Remove closing paragraph tag after email address with regex

Question

I'm using

public function __construct()
{
    $this->EE =& get_instance();
    $regex = '/(\S+@\S+\.\S+)/';
    $replace = '<a href="mailto:$1">$1</a>';


    $this->return_data = preg_replace($regex, $replace, ee()->TMPL->tagdata);
}

to find plain text email address and changing them to mailto links, however, the wysiwyg editor is putting the ending paragraph tag right after the link so it's catching the ending tag and putting it in to the mailto link. I need my regex to exclude anything after the .com or .net or whatever. How would I do this?

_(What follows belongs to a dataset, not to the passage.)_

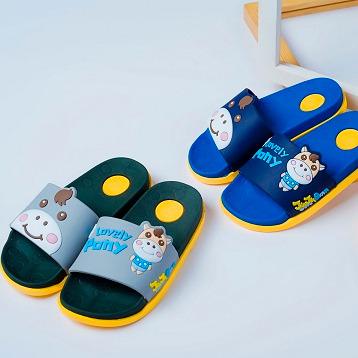 China New Flat Popular Comfortable Cute PVC Kids Slippers For Boys for sale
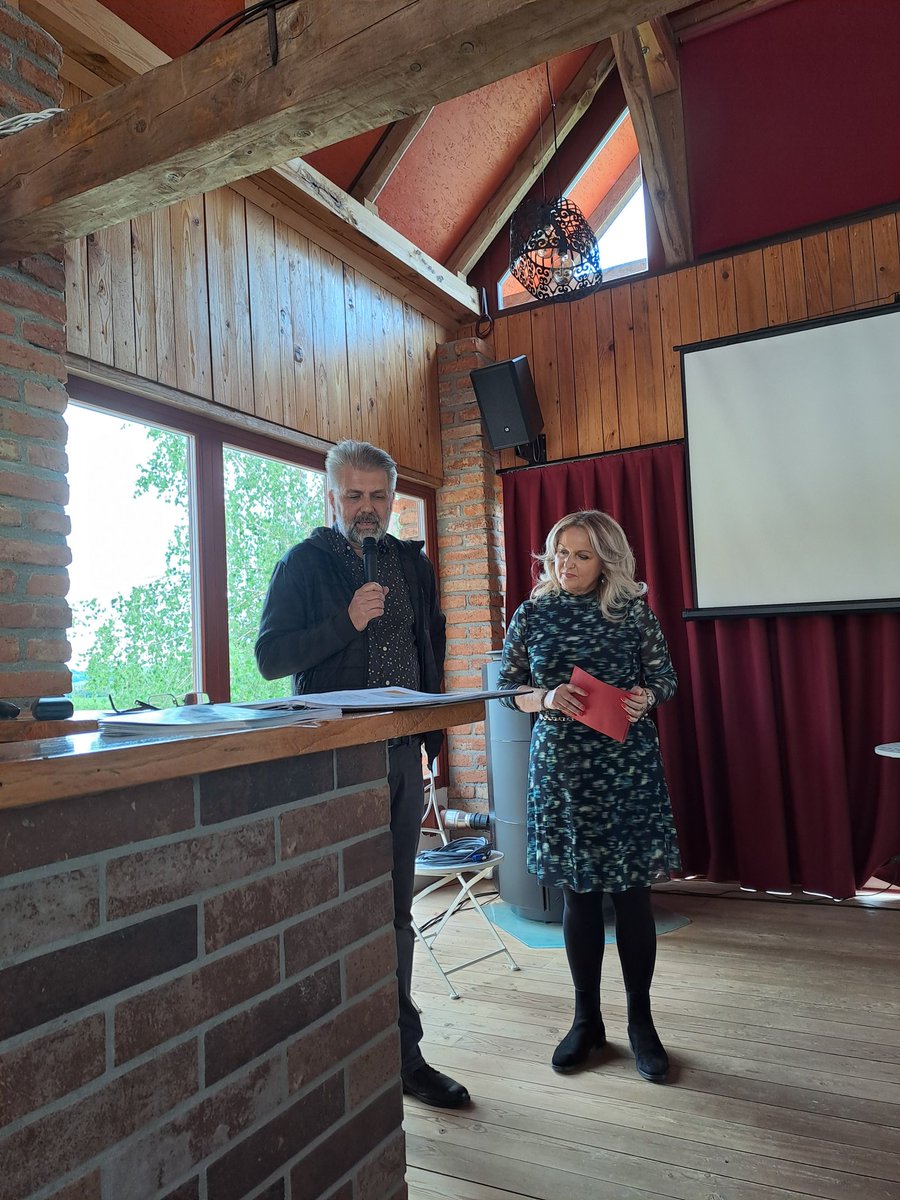 farmelder_eu's tweet photo. ✨️ Partners are introducing good examples of social farming.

Right now, it's returning mailto:email@domain.com

, I need to exlude any and all tags that come after the .com

Here is a part of the dump, This is what's outputted:

<br />
Preston Newbill<br />
Manager<br />
pnewbill@domain.com</p>

So don't use a WYSIWYG, hard code it. I don't use those myself. — Funk Forty Niner, Sep 13 '13 at 15:09
Maybe you could show exactly what's coming in to the regex. Is it `email@domain.com` — Andy Gee, Sep 13 '13 at 15:09
No, that took care of it. /(\S+@\S+\.[^\<]+)/ you're my new hero — nick, Sep 13 '13 at 15:15
The `[^\<]+` says capture 1 or more characters excluding `<`. When it encounters the `<` it will stop capturing because the input will no longer match the pattern. — crush, Sep 13 '13 at 15:19
@PeterAlfvin It would've but it was too restrictive. Domains can have many characters in them besides alpha-numeric. So, now, I just look for an opening tag, and quit capturing there. — crush, Sep 13 '13 at 15:22
@crush `\S' doesn't match all the legal characters in a domain name? — Peter Alfvin, Sep 13 '13 at 15:23
@PeterAlfvin it matches anything but a whitespace. I think I should revise the regex further. — crush, Sep 13 '13 at 15:24
What exactly is `ee()->TMPL->tagdata`? Is it an string of HTML? — Chris Baker, Sep 13 '13 at 15:34

score 3 · Answer 1 · edited May 23 '17 at 12:28

A very basic regex to grab an email address without matching anything HTML tags would be:

[\w\.]+@[\w\.\-]+

Explanation below:

\w: stands for "word character", usually [A-Za-z0-9_]. Notice the inclusion of the underscore and digits
\.: escaped dot
[\w\.]+: matches any word character and any dot

Unfortunately this doesn't match all possible email addresses. See this question for more details.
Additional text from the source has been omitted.